Kate Green, Labour MP for Stretford and Urmston

“This new report shows — shockingly — that all too often companies are able just to “disappear” when it suits their directors, potentially owing billions in unpaid tax. It’s time the UK government got tough on the tax dodging that this report has revealed.”

TUC General Secretary Brendan Barber said:

“This is further evidence of a huge tax gap in the UK. Instead of unfair, deep and rapid spending cuts we need real determination from the government to raise the tax that the law currently requires.”

Mark Serwotka, General secretary of PCS, the union that represents the majority of H M Revenue & Customs’ and Companies House staff said:

"This sheds light on a large portion of the tax that we already know is being evaded, but it shouldn't fall to Tax Research to do it - the Treasury should be investigating these issues as a matter of urgency. Instead of cutting jobs at Companies House and HMRC, the government should be putting the proper resources in place to tackle what is clearly a massive problem which, if addressed, would change the debate about public spending overnight.

The report makes a series of recommendations to tackle this problem and ensure that companies that are trading meet their obligation to file accounts and pay their taxes. In particular it suggests that UK based banks be required to advise H M Revenue & Customs and Companies House of all companies that they operate bank accounts for and that these companies must be pursued vigorously to ensure they pay their taxes and file their accounts. It also suggests increased personal penalties for those who are directors of companies that do not comply, with banks being required to supply information on companies that refuse to cooperate so that their directors can be pursued to ensure that those trading fraudulently can be held to account

Ends

Notes to editors:

The report — entitled 500,000 Missing people: £16 billion of lost tax, is available herehttp://www.taxresearch.org.uk/Documents/500000Final.pdf

Companies House announced more than 250 job losses in March 2010 which will exacerbate this problem.

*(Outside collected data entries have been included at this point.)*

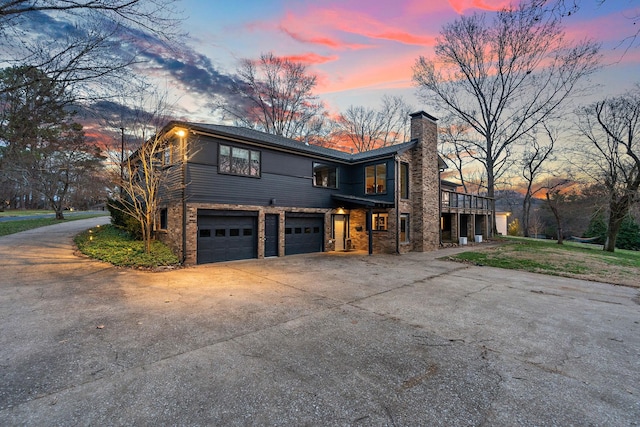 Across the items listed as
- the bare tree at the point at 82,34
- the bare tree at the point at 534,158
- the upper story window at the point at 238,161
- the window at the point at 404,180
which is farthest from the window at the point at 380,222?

There is a programme of about 15,000 job losses at H M Revenue & Customs at present.

The report has been based on data from Companies House, H M Revenue & Customs, parliamentary answers to Caroline Lucas MP and Kate Green MP and research on specific data sets extracted from information on companies struck of the Register of Companies by Companies House in 2010.

Tax Research LLP and Richard Murphy received grant funding from the Task Force on Financial Integrity and Economic Development, based in Washington DC and the Joseph Rowntree Charitable Trust to undertake this research.